Het is dat ‘beetje dom’ dat nefast kan worden en waar je je tegen moet wapenen.
Ah ja en ook nog: veel plezier met het herschrijven!
Je kunt pas weten of je een groot schrijver bent als je boek verkocht wordt. Het feit dat je er aan begonnen bent en dat er mensen zijn die er kijk op hebben die het uit willen geven zijn wel hele goede indicatoren dat het wel goed zit. It’s out of your hands now. Let go. Probeer de onzekerheid om te buigen naar de opwinding die bij zo’n moment past.
“Het gevoel een beetje dom te zijn verdwijnt niet.”
En dat zegt dan zo’n Zezunja.
All hope is gone now… ;)
Zo zie je maar weer, ook schrijvers die een uitgever hebben gevonden zijn heel normale mensen met heel normale onzekerheden. Heerlijk om te lezen stiekem. Al is het maar vanwege de boodschap dat onzekerheden erbij horen maar geen onoverkomelijke drempel hoeven te vormen om te bereiken wat je wil. Misschien vormen ze wel je kracht om beter te schrijven.
Ik zou er vooral trots op zijn dat je het gedurfd hebt achter je droom aan te gaan. Ik denk dat iedereen bij vlagen onzeker is over wat ie doet, dat moet ook om open te staan voor verandering. En ook als het straks gedrukt is en een of andere spuit elf vindt er iets stoms van: het is jouw boek en je hebt het maar wel mooi even gedaan!

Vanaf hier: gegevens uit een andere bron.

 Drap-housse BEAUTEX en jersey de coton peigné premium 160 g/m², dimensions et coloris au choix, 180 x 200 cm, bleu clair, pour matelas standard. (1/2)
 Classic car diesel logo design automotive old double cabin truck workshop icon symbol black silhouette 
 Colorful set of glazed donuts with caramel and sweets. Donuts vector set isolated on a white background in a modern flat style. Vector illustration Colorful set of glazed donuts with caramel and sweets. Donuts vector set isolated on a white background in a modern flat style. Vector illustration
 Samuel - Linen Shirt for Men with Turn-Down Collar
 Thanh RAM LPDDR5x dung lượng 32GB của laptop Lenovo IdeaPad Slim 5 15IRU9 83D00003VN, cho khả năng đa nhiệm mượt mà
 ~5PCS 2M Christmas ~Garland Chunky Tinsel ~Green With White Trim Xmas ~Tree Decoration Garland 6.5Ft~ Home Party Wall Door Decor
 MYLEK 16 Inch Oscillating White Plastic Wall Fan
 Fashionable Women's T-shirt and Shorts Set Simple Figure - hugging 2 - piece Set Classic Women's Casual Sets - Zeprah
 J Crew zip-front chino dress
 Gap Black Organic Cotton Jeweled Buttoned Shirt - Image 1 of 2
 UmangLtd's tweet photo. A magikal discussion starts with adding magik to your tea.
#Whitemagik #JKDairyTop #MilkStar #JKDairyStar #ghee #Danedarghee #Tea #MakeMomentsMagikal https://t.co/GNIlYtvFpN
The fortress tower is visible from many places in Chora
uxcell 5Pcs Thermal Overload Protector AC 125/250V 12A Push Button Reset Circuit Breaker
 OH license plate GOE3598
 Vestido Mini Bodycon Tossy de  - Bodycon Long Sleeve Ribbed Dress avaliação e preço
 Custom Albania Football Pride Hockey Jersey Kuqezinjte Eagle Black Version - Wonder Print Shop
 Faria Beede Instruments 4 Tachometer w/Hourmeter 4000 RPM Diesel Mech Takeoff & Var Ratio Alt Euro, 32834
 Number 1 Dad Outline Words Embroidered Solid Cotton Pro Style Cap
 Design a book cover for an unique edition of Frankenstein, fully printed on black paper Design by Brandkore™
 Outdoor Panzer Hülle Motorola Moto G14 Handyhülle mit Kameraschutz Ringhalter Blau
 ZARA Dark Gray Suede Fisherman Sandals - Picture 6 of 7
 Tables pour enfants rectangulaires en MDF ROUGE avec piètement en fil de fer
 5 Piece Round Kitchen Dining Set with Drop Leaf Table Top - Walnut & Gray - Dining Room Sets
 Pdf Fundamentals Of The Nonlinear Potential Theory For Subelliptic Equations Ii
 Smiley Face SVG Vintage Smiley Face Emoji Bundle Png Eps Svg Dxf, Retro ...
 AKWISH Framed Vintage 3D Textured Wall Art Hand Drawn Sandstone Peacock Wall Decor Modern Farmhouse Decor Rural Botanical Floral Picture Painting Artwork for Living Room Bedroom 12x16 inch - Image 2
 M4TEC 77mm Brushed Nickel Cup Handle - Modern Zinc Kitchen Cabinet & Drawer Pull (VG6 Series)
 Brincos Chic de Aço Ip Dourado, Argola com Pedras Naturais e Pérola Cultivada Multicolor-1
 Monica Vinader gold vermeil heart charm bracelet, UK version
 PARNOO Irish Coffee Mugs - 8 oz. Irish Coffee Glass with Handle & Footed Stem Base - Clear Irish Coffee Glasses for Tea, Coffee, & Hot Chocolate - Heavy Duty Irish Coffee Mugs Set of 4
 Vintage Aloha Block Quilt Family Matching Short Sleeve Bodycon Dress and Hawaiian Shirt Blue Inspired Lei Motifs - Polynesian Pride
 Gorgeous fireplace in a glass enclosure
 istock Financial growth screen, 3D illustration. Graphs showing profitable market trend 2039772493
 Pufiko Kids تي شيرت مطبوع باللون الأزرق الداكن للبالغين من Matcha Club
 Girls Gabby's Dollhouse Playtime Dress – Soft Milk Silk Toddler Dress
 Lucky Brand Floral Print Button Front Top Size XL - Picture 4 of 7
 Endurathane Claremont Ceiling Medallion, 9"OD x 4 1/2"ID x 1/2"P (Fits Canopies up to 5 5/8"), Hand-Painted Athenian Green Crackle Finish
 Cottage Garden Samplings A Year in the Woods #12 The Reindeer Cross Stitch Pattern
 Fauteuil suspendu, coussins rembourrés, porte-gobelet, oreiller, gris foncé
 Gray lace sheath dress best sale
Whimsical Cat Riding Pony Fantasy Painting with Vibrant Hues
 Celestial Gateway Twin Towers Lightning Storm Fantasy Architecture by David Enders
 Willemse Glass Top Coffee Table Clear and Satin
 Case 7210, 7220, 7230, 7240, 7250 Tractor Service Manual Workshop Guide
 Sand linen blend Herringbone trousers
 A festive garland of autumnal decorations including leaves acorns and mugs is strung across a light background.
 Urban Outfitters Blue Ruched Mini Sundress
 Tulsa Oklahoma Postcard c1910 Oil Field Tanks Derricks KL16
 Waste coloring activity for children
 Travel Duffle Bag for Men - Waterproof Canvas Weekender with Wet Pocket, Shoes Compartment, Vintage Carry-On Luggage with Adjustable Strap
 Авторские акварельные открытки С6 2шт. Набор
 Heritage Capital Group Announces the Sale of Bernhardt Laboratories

Die van Dave Navarro (van Poelekie) is super! Je zegt ‘Niemand weet of ik dat kan’. Dan had je nog niet op mij gerekend. Ik weet het.
Het is misschien wel het gevoel dat alle mensen hebben die écht iets kunnen: het gevoel door de mand te vallen.
Volgens mij vallen hart en ziel nooit door de mand.
Herkenbaar! Zelf ben ik al zo lang mezelf aan het overtuigen dat het niet nodig is om Ulysses – heb het zelfs nog even moeten opzoeken voor de juiste schrijfwijze – van James Joyce uit te kunnen lezen en dus een intellectueel te zijn om een goed boek te kunnen schrijven. Ik was daar zelfs zo intens mee bezig dat ik vergat te schrijven.